* Brief *
The job is to find each line in the entries holding the string "Travel" and copy that line.

=== Section Start ===

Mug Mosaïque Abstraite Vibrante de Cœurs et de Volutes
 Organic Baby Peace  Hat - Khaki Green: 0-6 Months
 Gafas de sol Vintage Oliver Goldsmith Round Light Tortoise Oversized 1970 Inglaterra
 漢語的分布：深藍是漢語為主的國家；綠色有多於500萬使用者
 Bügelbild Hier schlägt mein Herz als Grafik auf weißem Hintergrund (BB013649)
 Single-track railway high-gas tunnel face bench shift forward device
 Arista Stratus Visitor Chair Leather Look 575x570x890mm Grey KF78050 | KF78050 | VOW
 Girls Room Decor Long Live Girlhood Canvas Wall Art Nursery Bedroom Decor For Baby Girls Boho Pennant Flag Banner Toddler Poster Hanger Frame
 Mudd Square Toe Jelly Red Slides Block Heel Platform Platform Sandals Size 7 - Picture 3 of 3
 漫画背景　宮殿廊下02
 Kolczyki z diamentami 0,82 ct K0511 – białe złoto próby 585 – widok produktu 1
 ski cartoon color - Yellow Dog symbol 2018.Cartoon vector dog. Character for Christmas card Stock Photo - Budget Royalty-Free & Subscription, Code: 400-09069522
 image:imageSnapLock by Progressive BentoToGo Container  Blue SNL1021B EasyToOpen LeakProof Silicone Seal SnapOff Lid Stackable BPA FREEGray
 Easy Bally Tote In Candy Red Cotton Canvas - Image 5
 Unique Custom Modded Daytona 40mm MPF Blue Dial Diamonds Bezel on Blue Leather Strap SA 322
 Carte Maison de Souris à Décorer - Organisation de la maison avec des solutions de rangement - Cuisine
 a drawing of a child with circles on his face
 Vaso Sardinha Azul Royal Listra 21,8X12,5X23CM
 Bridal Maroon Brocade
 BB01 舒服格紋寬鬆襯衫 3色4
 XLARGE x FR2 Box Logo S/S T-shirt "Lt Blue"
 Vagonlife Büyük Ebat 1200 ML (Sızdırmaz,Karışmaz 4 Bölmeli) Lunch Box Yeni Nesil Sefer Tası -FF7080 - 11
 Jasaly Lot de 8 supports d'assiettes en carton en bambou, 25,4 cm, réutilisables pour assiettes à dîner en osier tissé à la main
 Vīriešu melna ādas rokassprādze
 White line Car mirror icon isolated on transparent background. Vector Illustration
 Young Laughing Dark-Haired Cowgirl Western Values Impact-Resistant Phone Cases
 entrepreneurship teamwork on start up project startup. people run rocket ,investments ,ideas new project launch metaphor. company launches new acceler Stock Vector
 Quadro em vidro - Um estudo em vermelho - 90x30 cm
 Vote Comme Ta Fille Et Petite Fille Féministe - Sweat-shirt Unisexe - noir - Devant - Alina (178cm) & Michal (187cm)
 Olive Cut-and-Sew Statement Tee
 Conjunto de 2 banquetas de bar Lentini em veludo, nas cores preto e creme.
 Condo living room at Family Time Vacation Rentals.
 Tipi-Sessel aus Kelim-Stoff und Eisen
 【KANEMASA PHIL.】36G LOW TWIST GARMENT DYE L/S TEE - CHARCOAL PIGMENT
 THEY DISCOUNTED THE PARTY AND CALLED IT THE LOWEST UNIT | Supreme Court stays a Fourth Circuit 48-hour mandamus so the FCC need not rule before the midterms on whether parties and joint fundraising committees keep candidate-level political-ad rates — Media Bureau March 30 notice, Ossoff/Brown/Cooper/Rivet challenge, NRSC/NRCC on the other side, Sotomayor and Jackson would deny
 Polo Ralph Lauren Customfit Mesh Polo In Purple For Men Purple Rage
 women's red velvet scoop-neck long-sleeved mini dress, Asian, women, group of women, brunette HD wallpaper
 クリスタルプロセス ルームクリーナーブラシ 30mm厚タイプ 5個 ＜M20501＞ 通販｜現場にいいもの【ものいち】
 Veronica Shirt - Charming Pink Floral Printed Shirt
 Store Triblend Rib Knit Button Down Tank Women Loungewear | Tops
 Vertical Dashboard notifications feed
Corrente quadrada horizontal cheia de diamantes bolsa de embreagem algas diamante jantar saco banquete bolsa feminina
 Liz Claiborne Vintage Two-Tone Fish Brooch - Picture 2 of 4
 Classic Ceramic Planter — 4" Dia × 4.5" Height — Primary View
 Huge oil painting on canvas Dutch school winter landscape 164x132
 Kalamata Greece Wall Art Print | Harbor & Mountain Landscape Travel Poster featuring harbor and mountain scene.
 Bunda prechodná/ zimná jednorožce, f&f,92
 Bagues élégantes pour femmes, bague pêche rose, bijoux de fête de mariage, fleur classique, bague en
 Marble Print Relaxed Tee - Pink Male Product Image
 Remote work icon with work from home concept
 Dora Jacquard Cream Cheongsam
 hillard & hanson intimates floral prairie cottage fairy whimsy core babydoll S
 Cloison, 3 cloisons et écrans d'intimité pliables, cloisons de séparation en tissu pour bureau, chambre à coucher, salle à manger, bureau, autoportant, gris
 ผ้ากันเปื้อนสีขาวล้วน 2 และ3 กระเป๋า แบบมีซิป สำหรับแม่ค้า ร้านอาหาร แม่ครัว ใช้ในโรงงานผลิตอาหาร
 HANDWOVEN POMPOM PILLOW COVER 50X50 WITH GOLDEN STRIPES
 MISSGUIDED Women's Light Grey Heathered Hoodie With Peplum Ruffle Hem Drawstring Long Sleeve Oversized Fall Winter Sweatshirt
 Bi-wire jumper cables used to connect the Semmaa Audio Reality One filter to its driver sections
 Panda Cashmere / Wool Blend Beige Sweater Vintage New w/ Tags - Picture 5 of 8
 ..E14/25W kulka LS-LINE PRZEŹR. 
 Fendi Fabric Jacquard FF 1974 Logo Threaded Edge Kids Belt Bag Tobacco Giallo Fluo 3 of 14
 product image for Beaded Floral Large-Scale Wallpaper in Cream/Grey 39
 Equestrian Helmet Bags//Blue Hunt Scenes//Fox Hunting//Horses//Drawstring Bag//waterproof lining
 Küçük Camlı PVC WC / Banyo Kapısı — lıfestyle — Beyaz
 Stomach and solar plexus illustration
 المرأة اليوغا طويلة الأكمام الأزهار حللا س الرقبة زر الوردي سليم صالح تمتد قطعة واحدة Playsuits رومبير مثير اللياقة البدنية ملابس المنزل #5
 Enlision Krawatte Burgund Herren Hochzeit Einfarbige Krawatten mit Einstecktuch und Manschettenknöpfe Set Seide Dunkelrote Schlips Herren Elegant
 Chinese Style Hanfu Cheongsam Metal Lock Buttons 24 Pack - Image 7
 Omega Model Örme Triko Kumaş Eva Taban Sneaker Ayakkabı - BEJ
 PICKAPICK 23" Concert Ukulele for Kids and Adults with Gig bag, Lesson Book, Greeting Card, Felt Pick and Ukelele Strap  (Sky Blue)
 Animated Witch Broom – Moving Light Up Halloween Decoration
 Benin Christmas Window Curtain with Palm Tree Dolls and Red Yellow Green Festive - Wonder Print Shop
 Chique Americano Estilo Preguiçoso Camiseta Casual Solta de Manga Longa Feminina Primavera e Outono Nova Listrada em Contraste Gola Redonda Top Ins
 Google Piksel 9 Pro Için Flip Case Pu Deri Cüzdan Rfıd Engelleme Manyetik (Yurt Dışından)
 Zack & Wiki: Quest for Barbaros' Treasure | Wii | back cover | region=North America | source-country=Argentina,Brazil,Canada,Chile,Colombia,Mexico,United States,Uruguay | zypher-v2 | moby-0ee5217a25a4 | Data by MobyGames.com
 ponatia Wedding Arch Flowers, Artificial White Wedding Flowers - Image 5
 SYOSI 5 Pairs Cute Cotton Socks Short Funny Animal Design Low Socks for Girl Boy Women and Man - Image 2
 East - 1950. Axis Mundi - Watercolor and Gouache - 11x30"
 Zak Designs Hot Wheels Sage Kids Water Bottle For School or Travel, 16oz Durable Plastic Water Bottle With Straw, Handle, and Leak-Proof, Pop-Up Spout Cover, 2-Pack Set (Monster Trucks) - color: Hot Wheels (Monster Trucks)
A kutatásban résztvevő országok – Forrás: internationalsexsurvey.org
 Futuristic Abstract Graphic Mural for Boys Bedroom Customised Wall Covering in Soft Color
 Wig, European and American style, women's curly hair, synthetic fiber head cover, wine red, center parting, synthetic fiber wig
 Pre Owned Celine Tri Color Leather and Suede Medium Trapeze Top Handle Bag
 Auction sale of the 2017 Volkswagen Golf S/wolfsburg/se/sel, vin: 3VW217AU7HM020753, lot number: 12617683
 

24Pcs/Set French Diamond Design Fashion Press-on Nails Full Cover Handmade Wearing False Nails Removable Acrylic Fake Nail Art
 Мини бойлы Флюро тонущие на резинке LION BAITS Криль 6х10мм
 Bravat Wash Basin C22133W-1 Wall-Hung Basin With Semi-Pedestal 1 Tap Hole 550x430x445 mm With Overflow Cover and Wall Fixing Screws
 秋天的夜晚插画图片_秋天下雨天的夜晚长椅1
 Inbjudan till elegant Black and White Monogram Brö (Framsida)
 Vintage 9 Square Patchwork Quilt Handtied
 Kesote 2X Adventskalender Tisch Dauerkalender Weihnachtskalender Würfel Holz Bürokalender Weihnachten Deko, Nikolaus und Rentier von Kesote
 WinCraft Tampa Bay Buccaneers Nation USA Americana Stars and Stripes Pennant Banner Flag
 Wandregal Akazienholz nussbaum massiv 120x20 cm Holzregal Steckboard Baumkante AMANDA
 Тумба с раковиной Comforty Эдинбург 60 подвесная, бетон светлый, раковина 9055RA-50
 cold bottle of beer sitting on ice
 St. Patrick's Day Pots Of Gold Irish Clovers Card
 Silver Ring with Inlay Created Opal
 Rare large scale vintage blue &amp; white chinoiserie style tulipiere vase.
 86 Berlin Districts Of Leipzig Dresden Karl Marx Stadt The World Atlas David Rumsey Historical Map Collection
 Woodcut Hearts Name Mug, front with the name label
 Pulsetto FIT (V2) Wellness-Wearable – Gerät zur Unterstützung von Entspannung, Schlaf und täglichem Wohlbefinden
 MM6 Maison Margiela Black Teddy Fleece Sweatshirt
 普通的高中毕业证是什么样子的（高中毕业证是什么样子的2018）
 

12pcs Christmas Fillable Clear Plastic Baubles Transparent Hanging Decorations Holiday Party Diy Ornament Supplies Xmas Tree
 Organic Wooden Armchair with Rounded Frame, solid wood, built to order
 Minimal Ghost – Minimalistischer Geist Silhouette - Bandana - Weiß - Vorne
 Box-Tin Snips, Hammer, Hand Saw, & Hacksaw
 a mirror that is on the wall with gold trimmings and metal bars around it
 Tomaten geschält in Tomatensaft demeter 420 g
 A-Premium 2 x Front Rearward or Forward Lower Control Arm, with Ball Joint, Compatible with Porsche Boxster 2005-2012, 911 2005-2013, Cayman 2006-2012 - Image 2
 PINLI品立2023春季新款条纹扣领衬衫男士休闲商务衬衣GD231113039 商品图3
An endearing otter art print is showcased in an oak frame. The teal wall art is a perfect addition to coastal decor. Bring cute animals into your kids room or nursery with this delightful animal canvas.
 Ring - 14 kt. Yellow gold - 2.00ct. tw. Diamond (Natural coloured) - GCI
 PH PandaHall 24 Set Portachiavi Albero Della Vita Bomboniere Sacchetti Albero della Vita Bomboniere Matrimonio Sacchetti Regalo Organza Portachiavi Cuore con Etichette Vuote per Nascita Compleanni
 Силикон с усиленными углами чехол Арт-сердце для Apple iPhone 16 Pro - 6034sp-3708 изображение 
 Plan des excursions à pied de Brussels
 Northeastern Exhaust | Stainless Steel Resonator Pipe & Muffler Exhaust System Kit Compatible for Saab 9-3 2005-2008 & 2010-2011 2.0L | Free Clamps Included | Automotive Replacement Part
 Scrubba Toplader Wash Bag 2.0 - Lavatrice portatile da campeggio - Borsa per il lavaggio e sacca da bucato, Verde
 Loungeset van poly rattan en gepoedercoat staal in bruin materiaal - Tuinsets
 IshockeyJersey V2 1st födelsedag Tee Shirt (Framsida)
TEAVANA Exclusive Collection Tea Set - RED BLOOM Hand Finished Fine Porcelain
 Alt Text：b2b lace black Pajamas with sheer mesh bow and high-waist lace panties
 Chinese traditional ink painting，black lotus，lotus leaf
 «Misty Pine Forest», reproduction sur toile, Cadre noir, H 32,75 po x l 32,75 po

=== Section End ===

* Solution for this problem *
 Kalamata Greece Wall Art Print | Harbor & Mountain Landscape Travel Poster featuring harbor and mountain scene.
 Zak Designs Hot Wheels Sage Kids Water Bottle For School or Travel, 16oz Durable Plastic Water Bottle With Straw, Handle, and Leak-Proof, Pop-Up Spout Cover, 2-Pack Set (Monster Trucks) - color: Hot Wheels (Monster Trucks)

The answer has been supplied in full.